More than 60 years after the fire, LG Walker, a retired doctor from Charlotte, North Carolina, was on the boat tour of the Gates of the Mountains. Where the tour boat docks in Meriwether Canyon now stands two memorials to the men of Mann Gulch. Here Walker learned that Silas Raymond Thompson Jr.—a Charlotte native—was among those killed. He had never met Thompson. After sharing this bit of news with his friend Dan Morrill back home, the two started investigating how a young man from Charlotte had met his death in Montana. They were intrigued by how all these years later, Raymond’s friends and family (nobody who knew him called him “Silas”) were still haunted by his death. His death devastated his parents and still affects his sister’s life. Walker and Morrill soon realized that a tragedy fire has many dimensions, and set about making a documentary film in order to better understand the impact and legacy of the life of Silas Raymond Thompson. While other documentary films on Mann Gulch focus on the event and its impact on the Forest Service, Death at Mann Gulch attempts to capture how it affected one man’s community.

Raymond Thompson markers in Mann Gulch, taken in 2010 (courtesy of the author)

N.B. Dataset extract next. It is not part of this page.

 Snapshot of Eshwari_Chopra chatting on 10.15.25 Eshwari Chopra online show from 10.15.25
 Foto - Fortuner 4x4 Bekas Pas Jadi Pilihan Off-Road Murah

Of course, Charlotte was not the only community affected by what happened in Mann Gulch. In a small town in central Pennsylvania, the family of smokejumper Leonard Piper has also done its part to preserve that young man’s memory. His personal papers were recently donated to the local historical society (photocopies of them are now here at FHS). Though Leonard was buried in nearby Stahlstown, descendents of the Piper family gather every year in Pine Ridge Park outside of Blairsville, Pennsylvania, where he grew up, “for a family reunion and to remember a fallen hero, Leonard Piper.” The impact of his death is such that his story and a mention of the family reunion has a 3-page spread in The Insider’s Guide to Indiana County Parks & Trails, where that quote comes from. Mind you, there’s no memorial marker in the park. But Leonard Piper’s death still resonates enough in this town to warrant such a gesture. And these are the two families I know about.

Leonard Piper’s marker. This photo also appears in the Indiana County parks and trails guide.

What is it about Mann Gulch that continues to hold or capture the attention of so many? Our “This Day in History” blog post on what happened in Mann Gulch is one of our most viewed posts; my initial post from three years ago sharing my impressions after visiting Mann Gulch ranks up there and is one of our most commented upon posts. Certainly Maclean’s Young Men and Fire is a major contributor to the continued interest. Tragedy has its own attractiveness; witness the continuing fascination with sinking of the Titanic 100 years later. Yet few tragedies hold our attention like that of Mann Gulch. It is understandable why it might for the families of those who died. But I suspect that after those who knew the men killed are gone, the Mann Gulch Fire will continue to cast a spell. For me, the pull is personal: I’ve visited the site twice; I participated in the making of the film Death at Mann Gulch and contributed the photo of Piper’s marker above to the county’s guide; and I interviewed William “Bud” Moore, who was with crew chief Wag Dodge when he died and was consulted by Maclean when he was writing his beautiful elegiacal work. I could speculate about why it holds the attention of others, but I want to hear your thoughts on this. Why are you interested in Mann Gulch? Do you know of other families that continue to honor their loved ones like Leonard Piper’s does? If so, how do they do it?